Pagi ini Rinoa kembali menyiapkan sarapan untuk Enzo. Mau dimakan atau tidak, paling tidak Rinoa sudah melakukan kewajibannya. Masalahnya, Enzo masih tertidur lelap padahal sudah dibangunkan beberapa kali oleh Rinoa.
Mata Rinoa pun tertuju pada suaminya yang masih tertidur itu. Jujur saja, Rinoa sangat ingin bermesraan dengan Enzo, apalagi melihat tubuh suaminya yang sangat menggairahkan saat tertidur.

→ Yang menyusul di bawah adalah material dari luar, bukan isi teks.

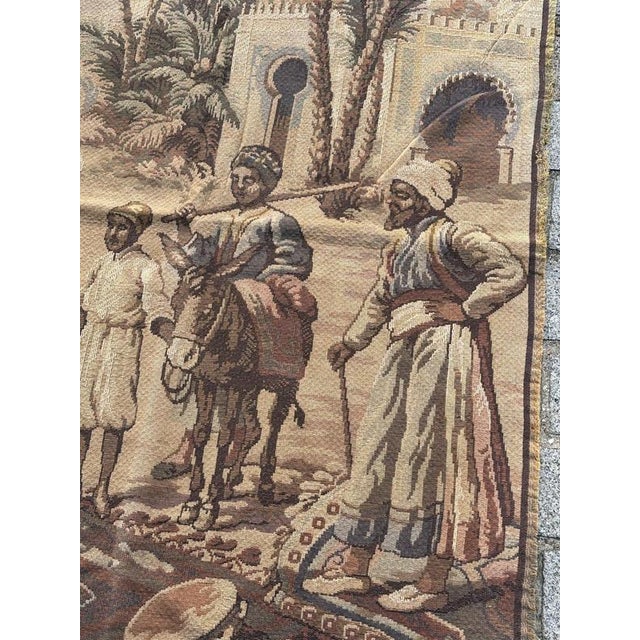 Mid-Century Jacquard Tapestry in the style of Aubusson, 1950s For Sale - Image 18 of 18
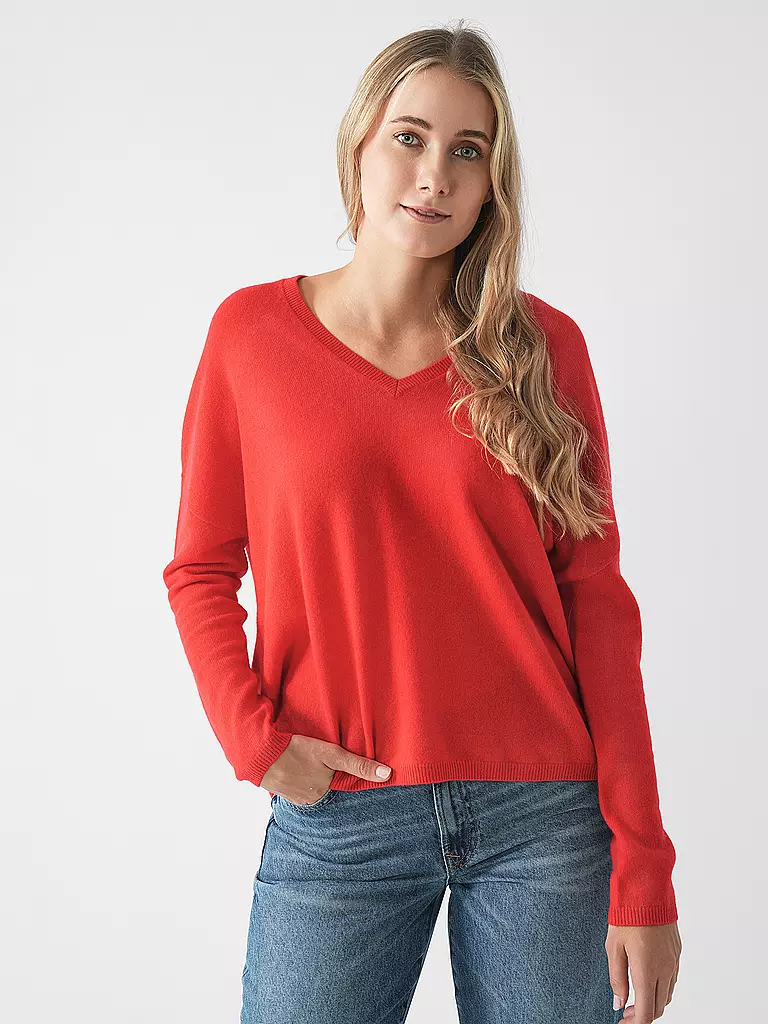 LES TRICOTS DE LEA | Kaschmirpullover MONJAKOE | Rojo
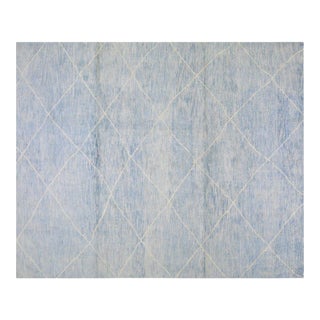 Moroccan Hand Knotted Wool Rug, 8'1"x10'1" For Sale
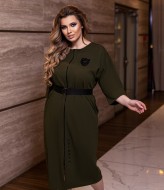 Платье с молнией спереди BAB-282A540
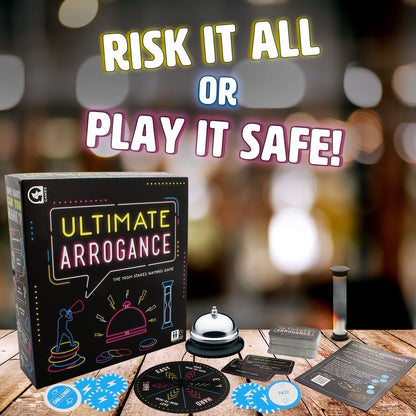 Ultimate Arrogance High Stakes Party Card Game (Damaged Box)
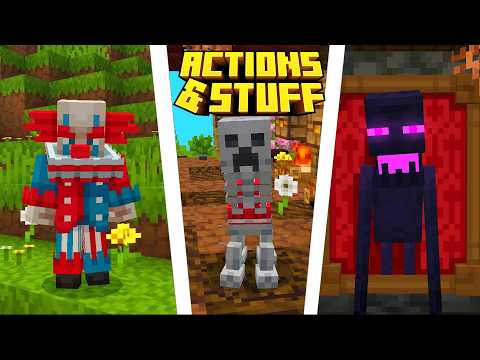Видео: Все СЕКРЕТНЫЕ возможности Actions & Stuff 1.7 (Minecraft Bedrock)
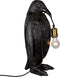 Dierenlamp - pinguin - 23,5x21x49,5 cm - zwart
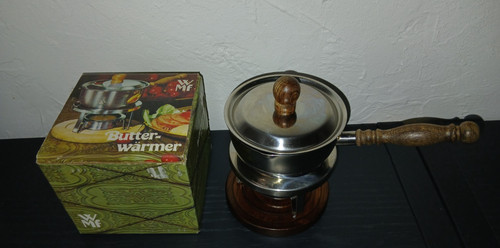 Wmf butterwärmer rechaud 70er - wmf,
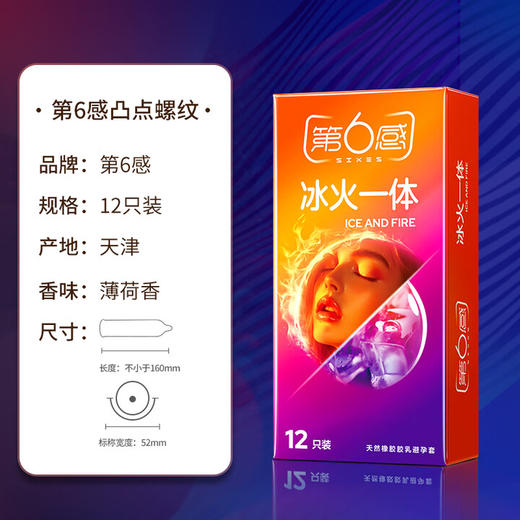 第六感 避孕套 安全套冰火一体24只 两重天超薄超滑 男女 成人情趣用品 商品图7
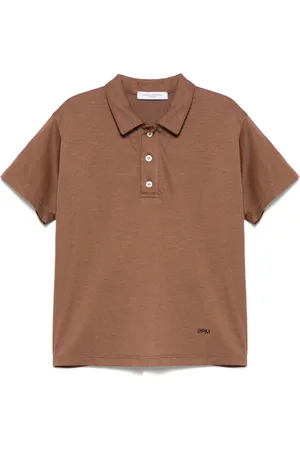 Paolo Pecora Poloshirt met geborduurd logo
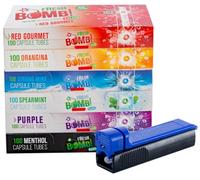 Sunmondo Fresh Bomb Mix - Juego de 6 tubos de cigarrillos con 6 sabores, 600 casquillos, incluye tapón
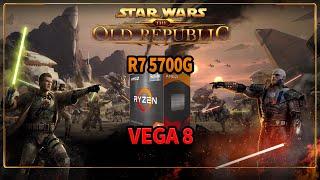 AMD Ryzen 7 5700G | Star Wars The Old Republic | Vega 8 | Benchmark | APU Test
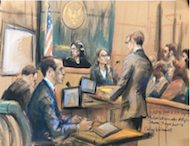 courtroom drawing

Dengan berani Rinoa meraba duluan bagian bawah suaminya, mencoba memberi rangsangan.
"Sayang, bangun! Nanti kamu terlambat ke kantor, aku juga udah siapin sarapan buat kamu," bisik Rinoa di telinga Enzo.
Enzo bergelayut di ranjang, matanya pun perlahan terbuka. Tiba-tiba saja Enzo sudah melihat Rinoa yang memposisikan diri di atas tubuhnya.
"Kamu ngapain?" tanya Enzo.
"Boleh, kan?" Rinoa meminta izin dengan gaya centil.
"Tapi aku capek, Noa!"
"Biar aku aja yang bergerak, Sayang!" Rinoa terlanjur bergairah. Tidak peduli kalau Enzo mengatakan dirinya capek. Kalau tidak dipaksa begini mungkin Rinoa akan lama kekeringan.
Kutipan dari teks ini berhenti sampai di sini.